Brief descriptive captions
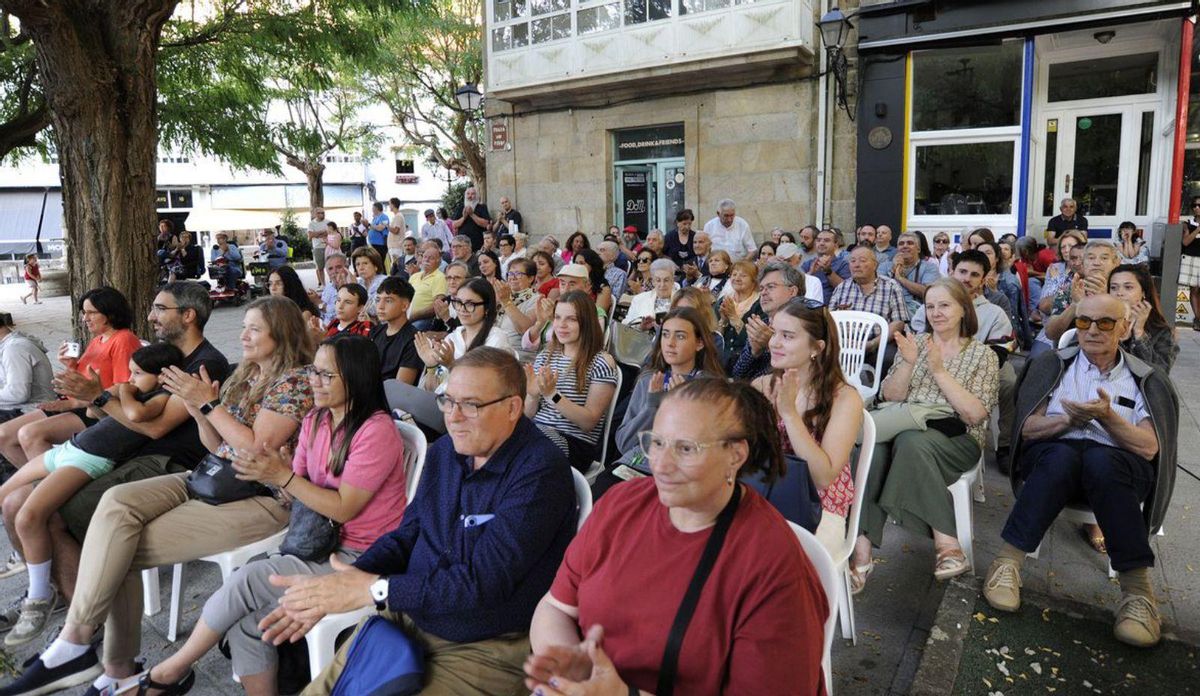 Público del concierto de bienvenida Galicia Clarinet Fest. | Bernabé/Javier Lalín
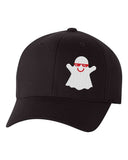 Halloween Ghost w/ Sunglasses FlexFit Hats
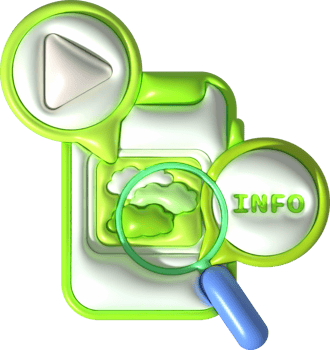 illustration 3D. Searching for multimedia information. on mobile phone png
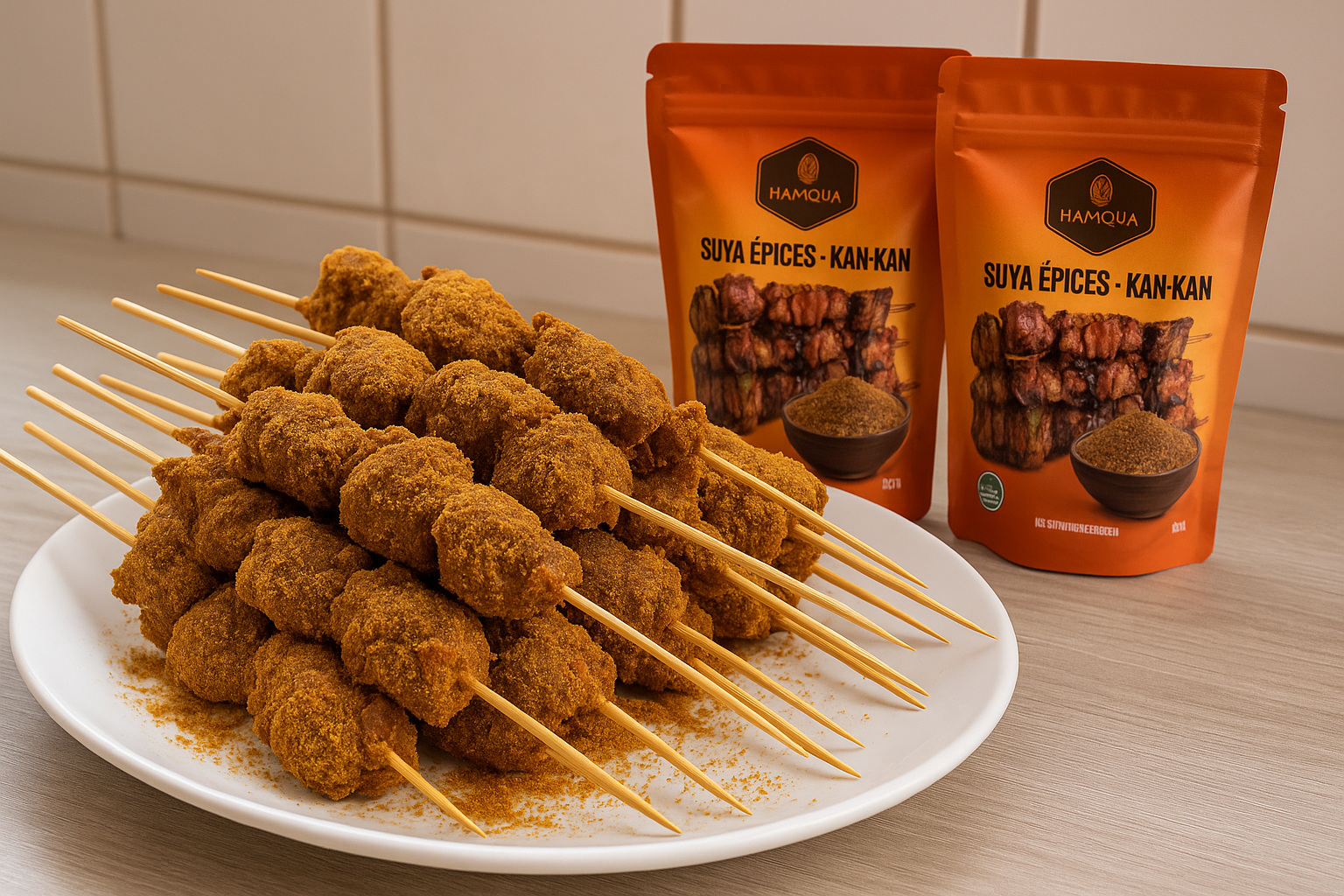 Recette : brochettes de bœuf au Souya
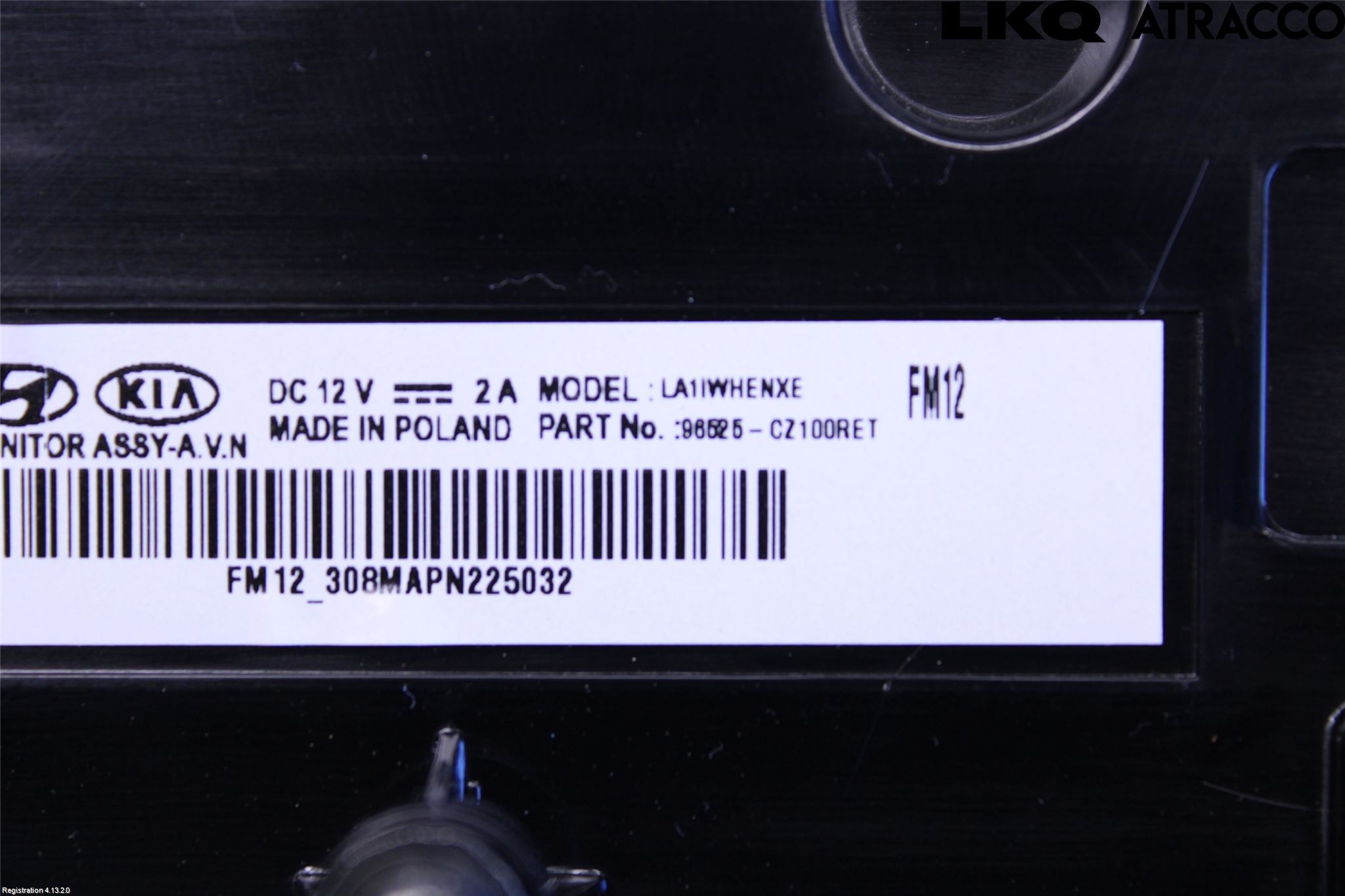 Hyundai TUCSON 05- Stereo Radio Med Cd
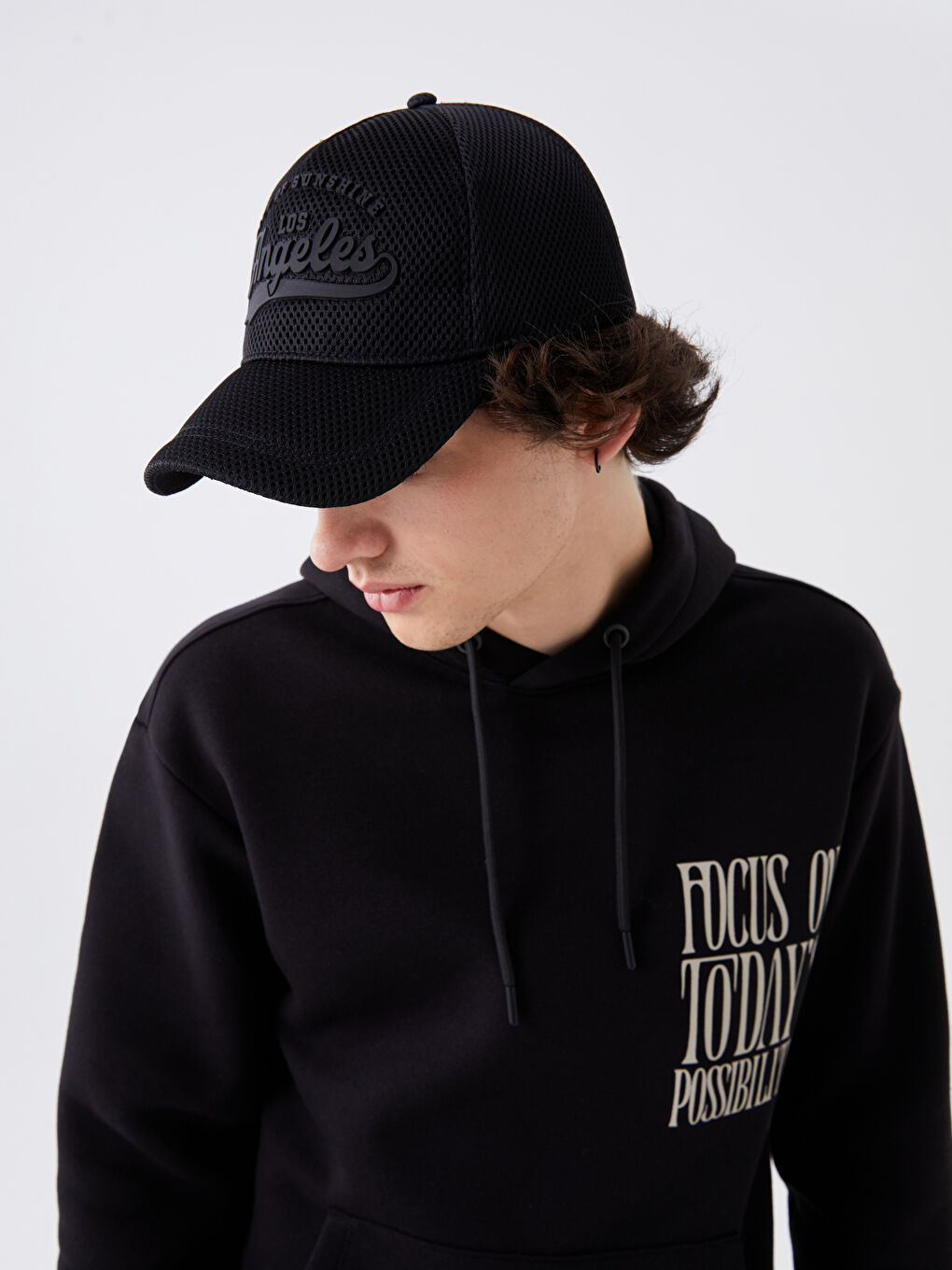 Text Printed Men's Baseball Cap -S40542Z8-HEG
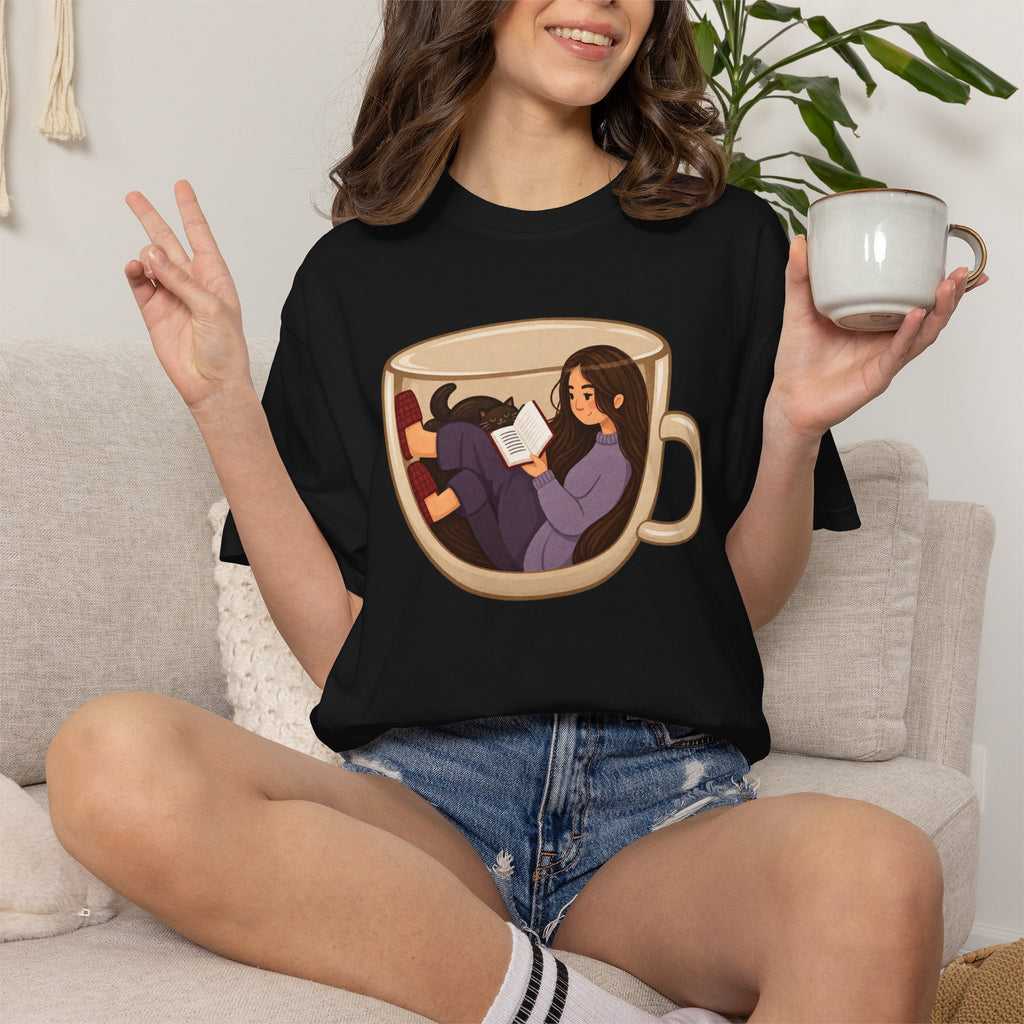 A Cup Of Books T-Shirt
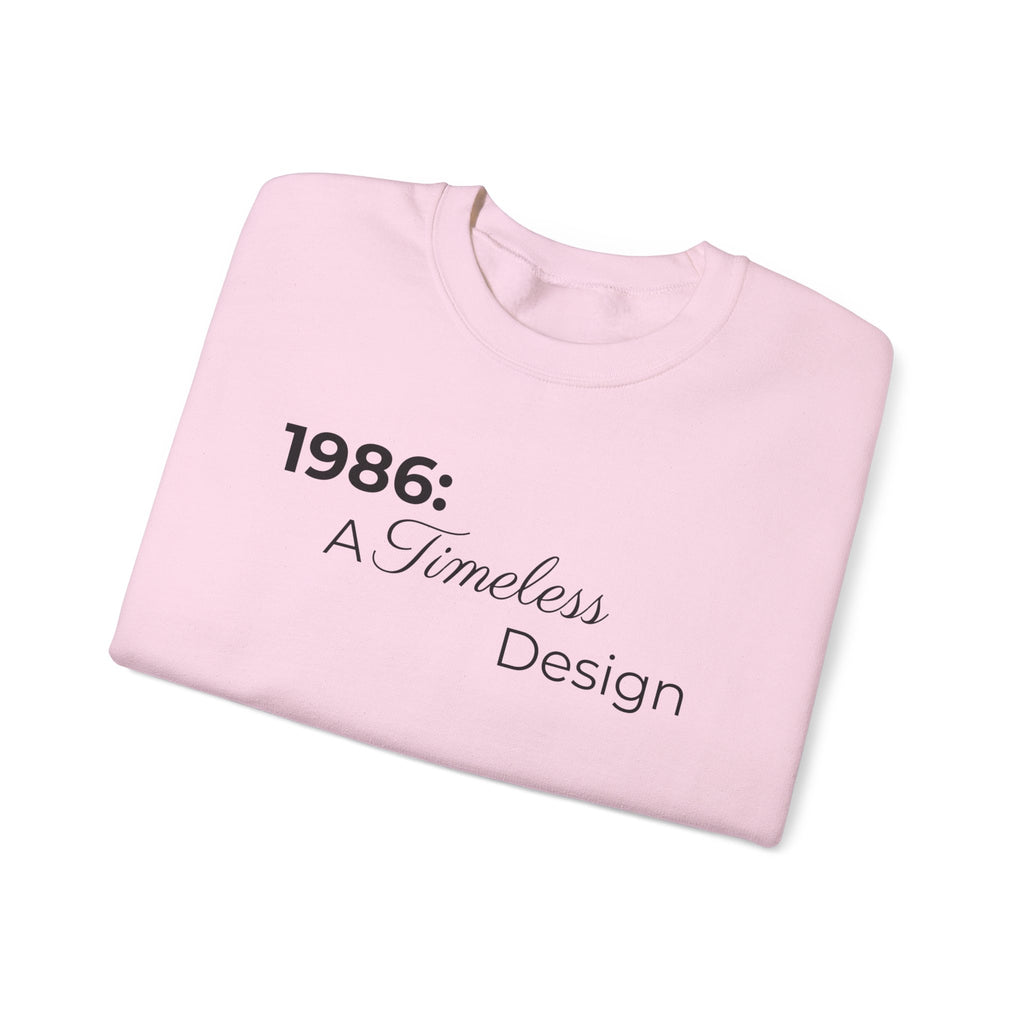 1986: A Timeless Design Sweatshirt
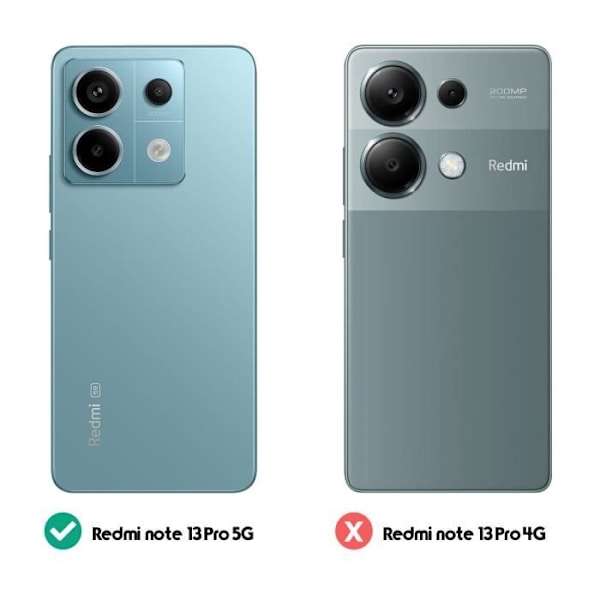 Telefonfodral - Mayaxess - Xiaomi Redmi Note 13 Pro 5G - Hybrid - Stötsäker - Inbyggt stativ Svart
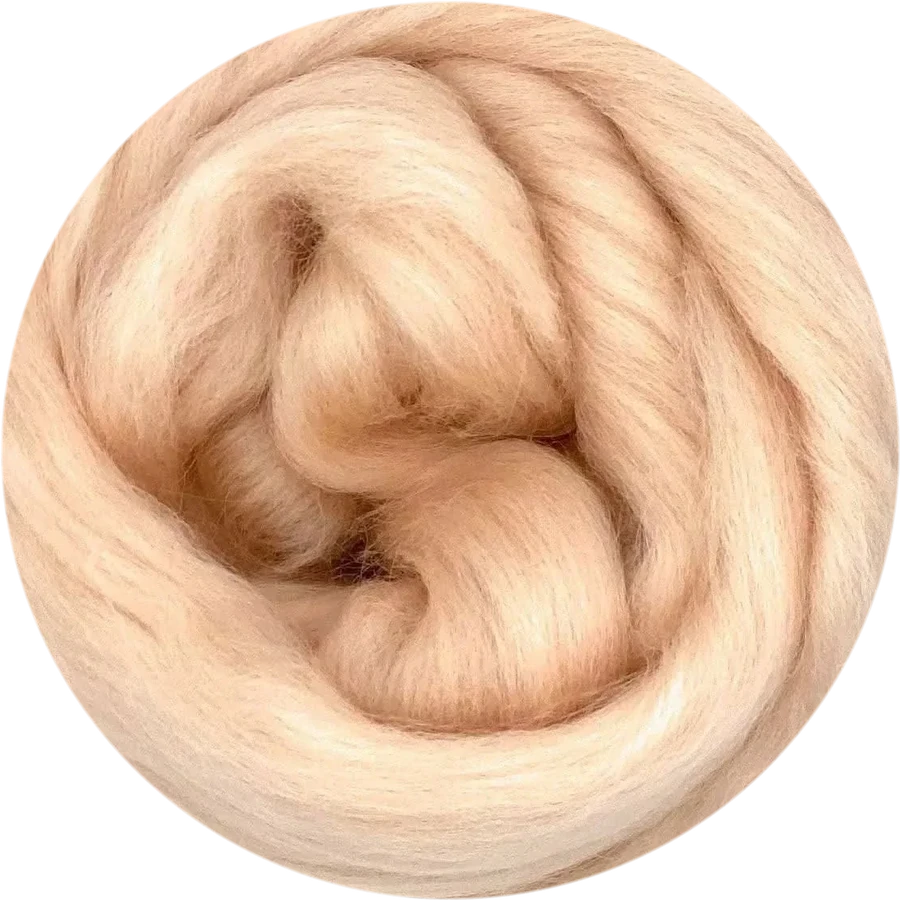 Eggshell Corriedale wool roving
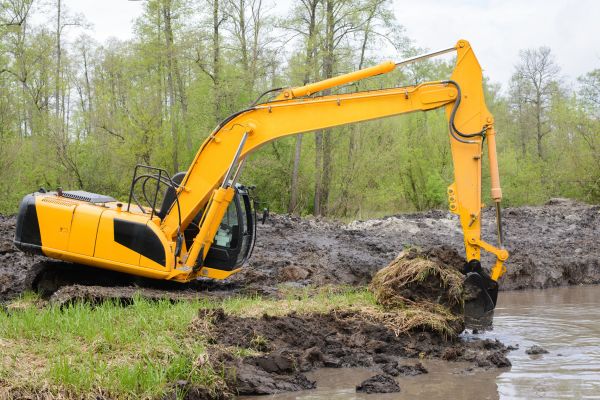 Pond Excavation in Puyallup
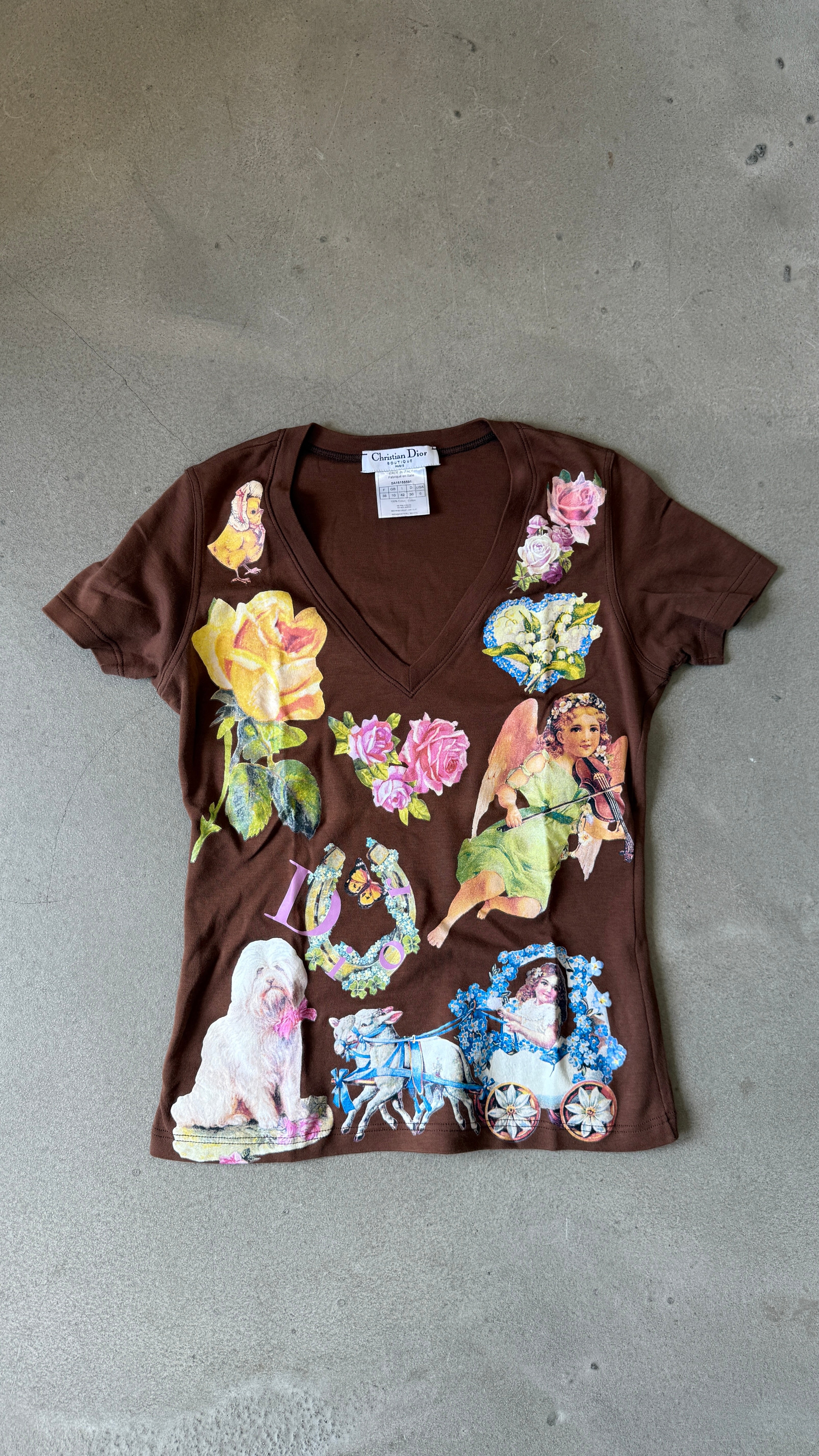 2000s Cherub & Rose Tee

-- PROBLEM DETAILS --
Your copy should consist only of the lines from the one containing "Pond Excavation in Puyallup" through the last line of the entries above, reproduced exactly, without pictures.

-- ANSWER SECTION --
 Pond Excavation in Puyallup
 2000s Cherub & Rose Tee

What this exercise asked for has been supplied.